My dear sister sent us an acorn to plant in her memory. But that darned acorn wouldn't grow. I had been faithfully watering it for 3 months, and nothing. I was this close to calling 1-800-FLOWERS to inform them that they sent me a dead seed to commemorate a dead daughter. I was less than impressed.

After our loss, I struggled to get pregnant again. Other people's fertility was everywhere I looked. Why had God forgotten me? Why did he choose not to give us our baby? Didn't she -- didn't we -- matter?

 
 
Our loss of Olivia sparked a horrible season of grief that resulted in 3 more miscarriages, unexplained infertility, and a hoped-for, but failed adoptive placement. It seemed that God had either forgotten about us entirely, or had purposely singled me out for on overload of loss. I didn't know which scenario was worse.

My prayers felt unanswered. They felt unheard. My hopes felt in vain. I was lost in my storm.

And then God did a miracle.

We began to babysit a foster baby named Leyla. Later, we were asked to be her adoptive parents. We couldn't have been more thrilled.

The day after she moved in, I searched my blog for where I was at in my life when she was born. I stumbled across this picture, taken March 3, 2012.

That was Leyla's Birthday.
The day that Leyla was born was the exact day our little acorn sprouted.

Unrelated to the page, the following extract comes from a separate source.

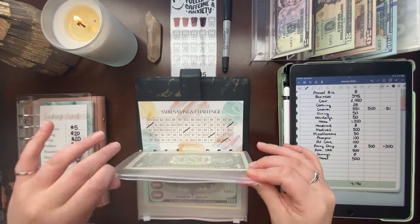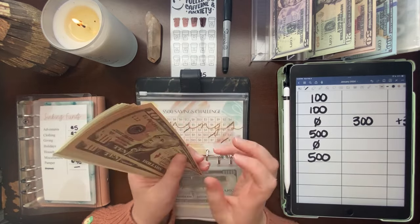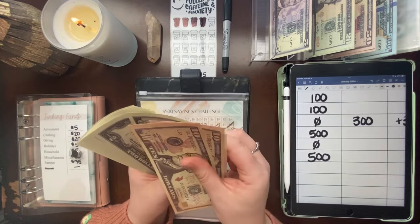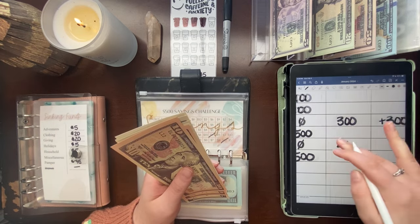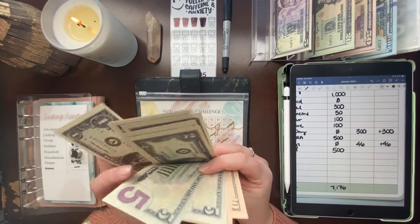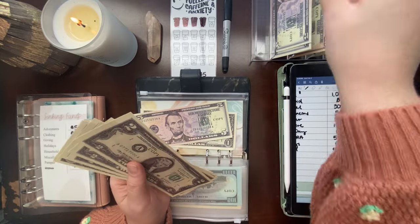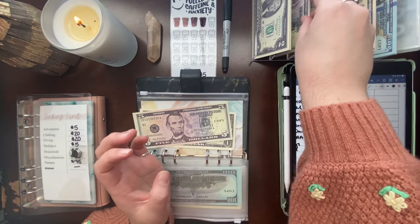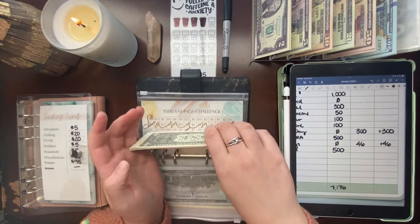Moving to the savings challenge. It ended last month with zero since we started it in January 2024. Counting it again: $46 in there now — a positive $46 since it started from zero. We'll condense with two $20s, a $5, and a $1 — still $46 in savings.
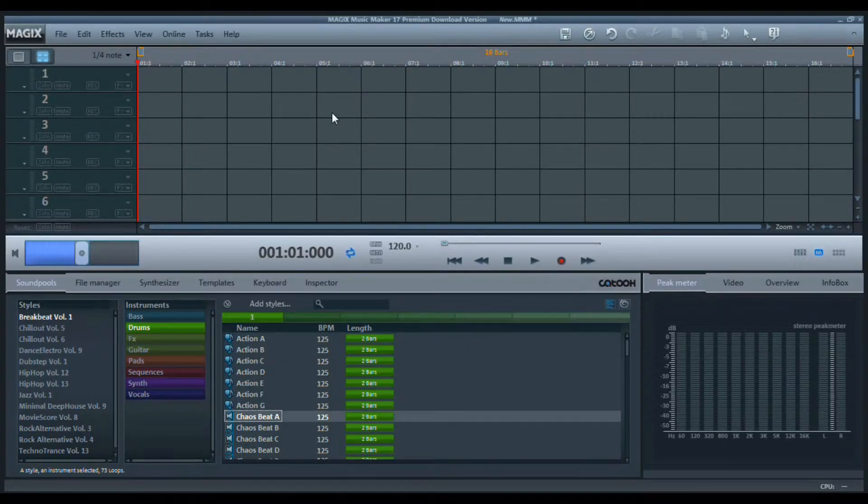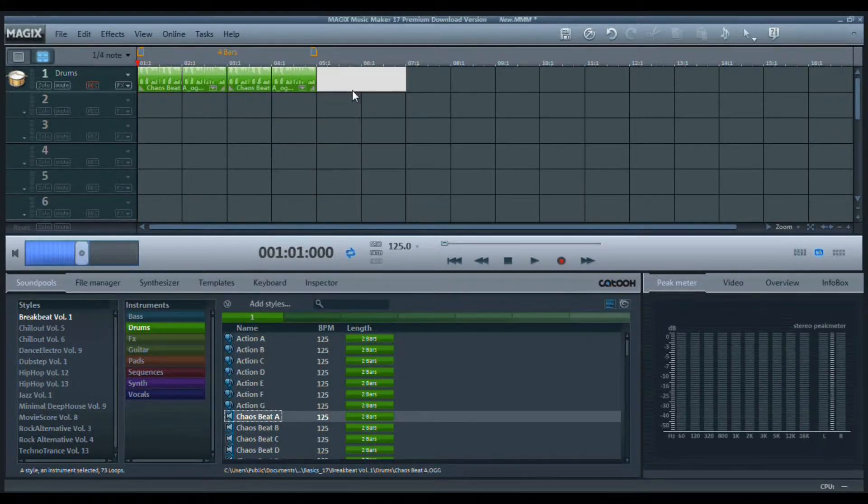So let's say you want to record on top of some kind of drums. We'll put the drums in there and just keep the same beat going and then we'll play that back.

You see, God had not forgotten me. While my story is one of loss . . . our loss of babies, and Leyla's loss of her biological family . . . God is the God of redemption. And while I emotionally raged against Him, as I charged him with not caring, and for singling me out for pain -- He had already prepared our daughter Leyla to join our family.







 
 
 
 






 

Perhaps you too have had a storm. One so big that it made you question whether you matter edto God. Whether He cared. And whether your faith would see you through. I cannot tell you that storms do not hurt. My storm of grief, loss and infertility brought me to me knees. The loss, the pain, have scarred my soul. But God is still a God of faithfulness. There is no storm so great, no loss so severe, that he will not see you through.

Now when I question God's faithfulness, I have a very real reminder that He has not, nor ever will leave me. I hope that My story, Leyla's Story, will remind you in your storm that you are not alone.